Thursday, December 13, 2012

что Сколково?

Two years ago, I wrote a paper about Russia's Skolkovo Project.

The Skolkovo Project is known as Russia's attempt to replicate the Silicon Valley's successes in technology and innovation.  Projects are underway, such as the construction of Skol-Tech, an engineering school to complement the already built Hypercube and School of Management.  Those involved in the project hope that Skolkovo will be a testing ground for new ideas in business, technology, and society.

With the help of the Stanford Program, we were able to attend an "Open Government" Conference at the Skolkovo Hypercube this evening.

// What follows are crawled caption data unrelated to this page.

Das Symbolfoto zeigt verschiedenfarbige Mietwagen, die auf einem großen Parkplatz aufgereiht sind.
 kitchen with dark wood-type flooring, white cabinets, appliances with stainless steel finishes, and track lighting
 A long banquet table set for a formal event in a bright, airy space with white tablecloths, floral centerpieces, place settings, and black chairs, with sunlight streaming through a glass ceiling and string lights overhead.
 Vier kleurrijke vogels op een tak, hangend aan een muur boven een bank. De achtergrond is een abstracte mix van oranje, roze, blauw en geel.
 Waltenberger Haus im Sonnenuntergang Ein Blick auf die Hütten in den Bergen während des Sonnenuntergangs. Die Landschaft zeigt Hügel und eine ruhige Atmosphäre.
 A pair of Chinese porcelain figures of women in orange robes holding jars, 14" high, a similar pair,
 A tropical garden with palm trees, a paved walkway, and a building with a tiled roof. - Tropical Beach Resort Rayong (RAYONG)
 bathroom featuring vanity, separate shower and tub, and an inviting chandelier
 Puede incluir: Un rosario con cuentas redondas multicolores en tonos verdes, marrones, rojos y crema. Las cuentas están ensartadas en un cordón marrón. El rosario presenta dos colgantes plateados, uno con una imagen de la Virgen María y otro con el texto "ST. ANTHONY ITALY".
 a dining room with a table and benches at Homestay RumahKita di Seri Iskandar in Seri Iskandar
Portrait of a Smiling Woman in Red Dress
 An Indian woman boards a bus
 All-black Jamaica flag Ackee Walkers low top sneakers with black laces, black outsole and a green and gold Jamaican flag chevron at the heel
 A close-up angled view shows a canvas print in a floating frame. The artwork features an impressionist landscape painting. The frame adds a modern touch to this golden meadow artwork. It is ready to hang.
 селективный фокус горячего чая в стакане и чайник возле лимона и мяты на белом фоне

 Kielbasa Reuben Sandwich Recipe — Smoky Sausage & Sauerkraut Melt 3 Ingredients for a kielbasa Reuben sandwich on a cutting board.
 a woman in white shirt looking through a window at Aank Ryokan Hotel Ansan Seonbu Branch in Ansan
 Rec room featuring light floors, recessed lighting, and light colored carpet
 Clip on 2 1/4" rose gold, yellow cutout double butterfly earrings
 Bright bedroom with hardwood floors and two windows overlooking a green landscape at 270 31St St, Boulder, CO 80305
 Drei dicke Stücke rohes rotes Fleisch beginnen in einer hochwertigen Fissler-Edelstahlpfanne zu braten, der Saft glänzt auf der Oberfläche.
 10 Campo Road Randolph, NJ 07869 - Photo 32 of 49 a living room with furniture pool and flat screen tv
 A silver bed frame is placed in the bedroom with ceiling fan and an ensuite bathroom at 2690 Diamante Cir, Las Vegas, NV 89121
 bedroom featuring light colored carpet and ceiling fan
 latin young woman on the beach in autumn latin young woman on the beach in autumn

The Skolkovo "complex" lies twelve miles west of Moscow.  I write "complex" because there is hardly anything there; the business school consists of a small cluster of buildings a short distance from the main Skolkovo entrance, and then, inside Skolkovo, there is the Hypercube, which is a seven story cube in the middle of a snowy field.

According to our guide, the Skol-Tech Engineering school will be opened in 2014.

Our evening in the Hypercube began with a talk about the Skolkovo Project.  "What is Skolkovo?" rhetorically asked our guide.  "Well, that is what we would like to know too."
Interior of Hypercube
Hypercube Auditorium
Following a brief tour of the Hypercube, which is purposely designed to look unfinished with concrete walls and visible metal bolts, we assembled in the main auditorium to hear from a panel of international ministers and political figures including Russian Prime Minister and former President Dmitri Medvedev.

The panel discussed the necessity of Open Government in enabling its citizens to advocate for change.  Open government projects such as access to documents and data are important steps for Russia as it seeks to better its credibility in the business world.  However, pledging to join an Open Government Partnership is one thing; actually enacting these procedures is a far greater demonstration of openness than any partnership.

*I wasn't sure how tight security would be, so I only had my point-and-shoot camera.